Airborne Data Communication System
NAL Research has developed an Iridium Airborne Data Communication System (ADCS) for the U.S. Coast Guard (USCG) to be used on platforms such as the HC-130H, HU25A/C/D, C-130J, HH-60J, and HH-65B/C, and potentially the VC-37A, VUAV and MH-68A. The ADCS will enhance flight safety, increase Maritime Domain Awareness and benefit the entire range of USCG mission areas by providing command and control centers with a near real-time force lay down picture and more efficient air asset management.
The U.S. Department of Energy is funding the ARM-UAV program to study radiation/cloud interactions in atmosphere of the Earth. An important aspect of the program is the use of high altitude manned and unmanned airplanes as airborne instrumentation platforms. The Scaled Composites Proteus airplane shown here is capable of extended flight of well over 20 hours and at altitudes above 50,000 feet, making it possible to take continuous measurements with a set of well-calibrated instruments above the troposphere. NAL Research’s Iridium multi-channel data modems, installed inside a pod under the Proteus, are used to command/control onboard instruments by the ground mission controller. In addition, instrument health and status data files are also relayed in real-time via Iridium satellite link to the mission controller.
Blue Force Tracking
NAL Research’s 9601-DGS satellite trackers are used to monitor fleets of Apache and Chinook helicopters by the Department of Defence. They are installed inside the cockpit of each helicopter to relay real-time, encrypted location information to mobile and fixed command and control centers. The tracker can also be removed and used as an emergency beacon by downed crews for search and rescue purposes.
Fighter Aircraft C2 Enhancement
Lack of continuous beyond-line-of-sight (BLOS) voice communications from ground C2 elements to fighter aircraft resulted in an initiative to fit NAL Research’s ruggedized A3LA modems inside the current wing-mounted ACMI pods.
Flight Termination System
Tracking of launch vehicles for range safety purposes is currently based on redundant ground radars, telemetry receivers, and uplink command transmitters at the launch site with additional assets deployed downrange in order to maintain line-of-sight communications with the vehicle as it passes over the horizon to orbital insertion. In a collaborative effort with NASA, NAL Research is developing a flight termination/flight recovery system using the Iridium 9601-DGS-LP tracker to potentially replace the current ground infrastructure.
High Altitude Balloon
Balloons have been used for decades to conduct scientific studies. Scientists at NASA use data collected during balloon flights to help answer important questions about the universe, atmosphere, the Sun and the space environment. NASA is developing pumpkin-shaped balloons capable of altitude of 120,000 feet and duration of 100 days. These balloons can range from 4 to 14 meters in diameter carrying payload weighing as much as 8,000 pounds.

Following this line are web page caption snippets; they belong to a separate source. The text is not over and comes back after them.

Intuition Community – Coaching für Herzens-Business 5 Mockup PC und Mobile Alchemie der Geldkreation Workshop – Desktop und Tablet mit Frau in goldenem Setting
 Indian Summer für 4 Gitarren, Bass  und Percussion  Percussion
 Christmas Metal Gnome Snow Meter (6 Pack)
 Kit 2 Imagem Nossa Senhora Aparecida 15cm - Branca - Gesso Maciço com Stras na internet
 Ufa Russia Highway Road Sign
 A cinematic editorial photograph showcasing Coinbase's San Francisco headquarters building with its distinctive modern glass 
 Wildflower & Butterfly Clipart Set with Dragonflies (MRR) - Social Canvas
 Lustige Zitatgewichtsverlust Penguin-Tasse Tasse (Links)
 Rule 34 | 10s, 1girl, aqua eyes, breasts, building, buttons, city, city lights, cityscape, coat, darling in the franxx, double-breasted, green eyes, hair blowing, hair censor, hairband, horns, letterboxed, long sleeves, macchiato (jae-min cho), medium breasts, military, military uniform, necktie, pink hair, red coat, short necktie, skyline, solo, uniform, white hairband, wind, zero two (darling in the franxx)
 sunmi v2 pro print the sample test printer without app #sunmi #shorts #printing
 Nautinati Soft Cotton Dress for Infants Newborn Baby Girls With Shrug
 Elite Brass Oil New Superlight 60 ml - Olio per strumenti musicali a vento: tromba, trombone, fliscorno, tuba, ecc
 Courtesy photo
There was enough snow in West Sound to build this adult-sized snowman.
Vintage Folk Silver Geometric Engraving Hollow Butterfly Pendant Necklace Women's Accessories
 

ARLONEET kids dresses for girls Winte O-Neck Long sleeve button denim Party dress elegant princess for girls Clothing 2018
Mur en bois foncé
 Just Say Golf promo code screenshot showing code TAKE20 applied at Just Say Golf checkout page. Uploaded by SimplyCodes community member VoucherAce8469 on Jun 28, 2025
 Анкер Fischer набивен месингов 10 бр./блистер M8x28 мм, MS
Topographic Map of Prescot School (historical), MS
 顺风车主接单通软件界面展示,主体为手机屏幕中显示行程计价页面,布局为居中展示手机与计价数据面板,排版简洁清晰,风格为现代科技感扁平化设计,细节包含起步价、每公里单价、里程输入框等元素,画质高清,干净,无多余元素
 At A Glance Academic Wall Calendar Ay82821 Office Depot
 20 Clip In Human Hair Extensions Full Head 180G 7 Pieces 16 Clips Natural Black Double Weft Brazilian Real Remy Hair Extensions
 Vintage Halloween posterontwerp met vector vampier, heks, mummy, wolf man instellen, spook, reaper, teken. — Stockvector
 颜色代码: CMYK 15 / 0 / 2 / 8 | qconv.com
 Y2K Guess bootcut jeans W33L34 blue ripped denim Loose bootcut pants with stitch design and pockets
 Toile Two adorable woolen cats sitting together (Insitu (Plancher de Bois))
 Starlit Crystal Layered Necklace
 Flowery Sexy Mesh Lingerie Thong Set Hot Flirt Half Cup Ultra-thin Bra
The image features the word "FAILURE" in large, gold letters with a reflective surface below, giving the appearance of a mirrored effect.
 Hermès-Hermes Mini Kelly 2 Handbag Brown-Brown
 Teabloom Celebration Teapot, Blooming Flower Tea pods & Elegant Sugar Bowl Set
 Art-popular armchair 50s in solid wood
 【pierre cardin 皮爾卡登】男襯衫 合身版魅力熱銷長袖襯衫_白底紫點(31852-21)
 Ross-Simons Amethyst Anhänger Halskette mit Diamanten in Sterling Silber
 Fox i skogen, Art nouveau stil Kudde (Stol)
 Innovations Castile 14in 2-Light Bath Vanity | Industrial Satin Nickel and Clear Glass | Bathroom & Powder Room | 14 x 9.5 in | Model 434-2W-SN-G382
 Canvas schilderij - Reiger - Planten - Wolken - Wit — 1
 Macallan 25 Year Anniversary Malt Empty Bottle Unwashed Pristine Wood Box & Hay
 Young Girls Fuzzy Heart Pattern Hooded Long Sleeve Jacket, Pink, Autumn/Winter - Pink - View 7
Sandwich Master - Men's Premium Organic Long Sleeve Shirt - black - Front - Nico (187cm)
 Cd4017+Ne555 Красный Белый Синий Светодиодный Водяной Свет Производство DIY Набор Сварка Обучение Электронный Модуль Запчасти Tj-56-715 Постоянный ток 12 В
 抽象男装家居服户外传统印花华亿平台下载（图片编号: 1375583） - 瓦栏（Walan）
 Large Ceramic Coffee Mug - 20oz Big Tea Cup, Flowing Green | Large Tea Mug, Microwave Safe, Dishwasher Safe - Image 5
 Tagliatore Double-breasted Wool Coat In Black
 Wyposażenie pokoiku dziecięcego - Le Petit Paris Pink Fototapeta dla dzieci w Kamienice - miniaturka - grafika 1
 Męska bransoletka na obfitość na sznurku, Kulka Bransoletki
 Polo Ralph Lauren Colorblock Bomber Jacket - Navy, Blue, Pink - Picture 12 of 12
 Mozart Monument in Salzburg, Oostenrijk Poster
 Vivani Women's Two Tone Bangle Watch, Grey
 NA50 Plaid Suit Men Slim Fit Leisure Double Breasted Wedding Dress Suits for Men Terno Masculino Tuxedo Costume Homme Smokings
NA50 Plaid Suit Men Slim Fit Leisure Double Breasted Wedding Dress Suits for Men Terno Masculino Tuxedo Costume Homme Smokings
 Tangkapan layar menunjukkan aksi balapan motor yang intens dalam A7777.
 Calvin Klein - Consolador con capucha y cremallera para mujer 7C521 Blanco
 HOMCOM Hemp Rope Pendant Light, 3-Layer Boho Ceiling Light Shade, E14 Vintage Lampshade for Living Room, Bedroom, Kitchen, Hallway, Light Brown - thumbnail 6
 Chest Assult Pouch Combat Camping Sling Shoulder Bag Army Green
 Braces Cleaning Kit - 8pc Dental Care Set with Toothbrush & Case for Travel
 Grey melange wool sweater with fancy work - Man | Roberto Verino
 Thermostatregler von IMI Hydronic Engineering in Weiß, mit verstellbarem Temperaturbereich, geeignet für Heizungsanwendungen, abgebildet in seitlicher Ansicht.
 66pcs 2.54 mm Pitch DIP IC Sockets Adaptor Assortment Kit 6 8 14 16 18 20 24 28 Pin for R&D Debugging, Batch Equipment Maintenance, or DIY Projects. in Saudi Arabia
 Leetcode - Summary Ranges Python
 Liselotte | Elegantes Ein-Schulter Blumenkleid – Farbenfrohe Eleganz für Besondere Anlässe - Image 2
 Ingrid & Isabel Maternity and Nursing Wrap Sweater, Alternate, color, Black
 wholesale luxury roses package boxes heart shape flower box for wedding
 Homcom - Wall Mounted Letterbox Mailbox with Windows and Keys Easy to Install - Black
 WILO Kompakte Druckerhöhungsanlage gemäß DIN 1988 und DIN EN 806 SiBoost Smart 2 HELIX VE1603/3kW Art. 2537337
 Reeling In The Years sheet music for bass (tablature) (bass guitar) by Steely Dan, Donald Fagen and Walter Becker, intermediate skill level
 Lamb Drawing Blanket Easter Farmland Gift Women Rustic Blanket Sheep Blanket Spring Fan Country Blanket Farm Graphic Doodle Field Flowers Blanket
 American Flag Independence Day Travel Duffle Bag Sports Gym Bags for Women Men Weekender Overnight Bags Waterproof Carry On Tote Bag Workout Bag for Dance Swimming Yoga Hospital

The payload consists of a solar power system, computers, batteries, sensors for science experiments and NAL Research’s Iridium modems. The modems are used for flight control of the payload as well as relaying real-time scientific data. After science mission is completed, commands are sent via Iridium to separate the payload from the balloon where it can be tracked, recovered and flown again.
Hunter Unmanned Aerial Vehicle
NAL Research developed and integrated an A3LA Iridium transceiver into an atmospheric airborne payload into the Hunter UAV for a project funded by the U.S. Air Force and U.S. Navy. The modem was used for two-way command/control and data dissemination of the payload.
Snow Goose Unmanned Aerial Vehicle
The U.S. SOCOM sponsored “Snow Goose” is a unique guided parachute cargo system capable of deploying from a number of aircraft, to include the C-130, C-141, CH-47 and C17. The Snow Goose’s parachute opens upon deployment from the aircraft and, with the aid of an onboard engine, it can remain aloft for hours. The Snow Goose can deliver its cargo by landing at a designated time and place, or dispense cargo while still in flight, as directed via a laptop using an NAL Research’s Iridium data modem. An onboard flight control and navigation system tracks the location of the Snow Goose and an NAL Research’s Iridium satellite modem is used to command/control the operation of the unit. Iridium was chosen for its true global coverage, secure system architecture and real-time data communications capability.